When I embarked on the glorious journey of homeownership 15 years ago, I did not own a drill or a toolbox or have the slightest idea how to fix anything. My real estate agent informed me of a delightful option known as a Home Warranty, a service providing me with a phone number to call should I have any troubles with the house. It seemed like a divine provision.

The previous owner of my house paid for the first year, and though the cost was exorbitant I continued to pay for it myself for many years afterwards. I wince now when I think about the expense, and more than one person encouraged me to let it lapse. “If something breaks I can give you the number of a guy,” they would say. But the sheer number of guys needed to keep all the electrical, plumbing, structural, and HVAC balls in the air was too intimidating to me. I preferred the security of 24-7 availability, one-call-does-it-all.

Over time, I accumulated a number of tools, and eventually a box in which to keep them. I’ve installed my own window treatments with a minimum of bloodshed and cursing.  I learned how to paint a room the way most do – by painting a few very, very badly. I’ve garnered a few skills along the way, and gathered a few numbers for reliable contractor-guys who can handle the things beyond my ken. Eventually, I felt secure enough to let the warranty go.
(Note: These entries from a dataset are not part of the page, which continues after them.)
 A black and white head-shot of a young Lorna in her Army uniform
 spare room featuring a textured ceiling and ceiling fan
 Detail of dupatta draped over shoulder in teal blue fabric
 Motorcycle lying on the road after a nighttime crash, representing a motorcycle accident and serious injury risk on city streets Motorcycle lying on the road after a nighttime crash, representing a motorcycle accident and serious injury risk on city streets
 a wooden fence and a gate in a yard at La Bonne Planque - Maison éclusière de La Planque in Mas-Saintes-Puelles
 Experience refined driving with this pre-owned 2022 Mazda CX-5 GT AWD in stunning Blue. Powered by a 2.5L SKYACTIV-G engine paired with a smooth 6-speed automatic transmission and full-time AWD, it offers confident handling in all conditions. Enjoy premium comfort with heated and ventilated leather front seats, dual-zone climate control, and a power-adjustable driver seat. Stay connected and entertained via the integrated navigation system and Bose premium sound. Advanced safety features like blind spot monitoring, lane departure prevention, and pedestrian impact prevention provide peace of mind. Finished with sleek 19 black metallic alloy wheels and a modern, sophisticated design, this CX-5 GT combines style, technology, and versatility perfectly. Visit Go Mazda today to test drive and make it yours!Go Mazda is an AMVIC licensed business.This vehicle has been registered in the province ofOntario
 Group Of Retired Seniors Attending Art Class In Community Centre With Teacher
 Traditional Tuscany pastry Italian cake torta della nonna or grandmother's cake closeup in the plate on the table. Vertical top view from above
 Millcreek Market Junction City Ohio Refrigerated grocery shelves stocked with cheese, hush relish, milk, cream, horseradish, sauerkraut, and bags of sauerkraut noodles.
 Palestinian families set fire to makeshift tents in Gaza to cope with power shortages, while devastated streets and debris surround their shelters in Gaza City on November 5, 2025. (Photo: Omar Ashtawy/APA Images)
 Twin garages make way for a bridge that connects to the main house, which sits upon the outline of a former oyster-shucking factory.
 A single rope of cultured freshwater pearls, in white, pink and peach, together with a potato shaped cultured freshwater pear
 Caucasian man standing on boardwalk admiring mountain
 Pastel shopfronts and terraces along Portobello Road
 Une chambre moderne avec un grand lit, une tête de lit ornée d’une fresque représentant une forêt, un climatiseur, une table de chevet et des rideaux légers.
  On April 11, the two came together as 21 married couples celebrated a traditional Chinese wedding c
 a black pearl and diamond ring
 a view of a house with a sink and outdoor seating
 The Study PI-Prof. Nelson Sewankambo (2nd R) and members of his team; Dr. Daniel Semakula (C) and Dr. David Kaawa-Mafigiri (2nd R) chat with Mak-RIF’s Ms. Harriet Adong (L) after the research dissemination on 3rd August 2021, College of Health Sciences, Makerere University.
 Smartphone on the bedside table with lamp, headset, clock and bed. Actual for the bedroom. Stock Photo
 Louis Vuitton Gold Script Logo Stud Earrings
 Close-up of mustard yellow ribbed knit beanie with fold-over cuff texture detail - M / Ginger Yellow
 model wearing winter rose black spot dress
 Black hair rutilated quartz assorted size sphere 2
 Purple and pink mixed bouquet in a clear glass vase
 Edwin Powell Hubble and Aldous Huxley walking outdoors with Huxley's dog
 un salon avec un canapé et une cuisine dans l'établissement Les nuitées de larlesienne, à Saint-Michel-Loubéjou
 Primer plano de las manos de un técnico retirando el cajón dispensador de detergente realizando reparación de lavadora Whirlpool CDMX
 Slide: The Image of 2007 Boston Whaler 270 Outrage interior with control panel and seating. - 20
Still, when Amy wrote a lovely post recently about fixing various plumbing fixtures, I read it with more than a little envy.  Plumbing has been sort of a last, unexplored frontier for me because beyond tinkering with a troublesome toilet handle, I have been afraid to mess with it. But I had a leak under my kitchen sink, and Amy’s post was just the push I needed to attempt a repair.

I had first “handled” the leak through denial, utilizing the time-honored method of placing a pan beneath the drain to catch the water. My second, more daring approach was to tighten every plumbing whatsit I could get my hands on. When tightening whatsits failed to stop the leak, I went to Home Depot and bought some plumbers putty and silicone. I tried loosening the whatsits I had previously tightened to apply these, but I was foiled by the final whatsit, He Who Would Not Budge. I watched a few DIY videos and messed with it a bit more, but beyond learning what an “escutcheon” was, all further attempts to fix the leak were unfruitful.

Amy was out of town, so I threw in the towel (literally, it was pretty wet under the sink at this point) and called a professional plumber, one of the “guys” I’ve been fortunate to find over the past three Home Warranty-free years. I braced myself for embarrassment, fully expecting him to remove that whatsit with the greatest of ease.

I am kind of ashamed to tell you how relieved I was that he couldn’t. The sounds coming from the kitchen were increasingly loud and angry in tone, and my grin got wider and wider. I was not a total plumbing goofball if even a pro had trouble with the whatsit! I even tried joking with him on one of his many trips back from his truck with various tools, “Next you’ll need to try a blowtorch! Ha ha ha!”

Then I looked up from my computer screen and saw what he was holding in his hand.

Why, yes. It was, indeed, a blowtorch.

He looked at me and deadpanned, “If this doesn’t work, we’ll need to order some Acme products.”

Fortunately for Wile E. Coyote, the blowtorch melted off the old whatsit, the plumber installed a new whatsit, and all was right with the sink again.

I’ve still got the numbers of several guys to fix whatever I find unfixable in the future.

But more importantly, I’ve got Amy, and Acme, on speed dial.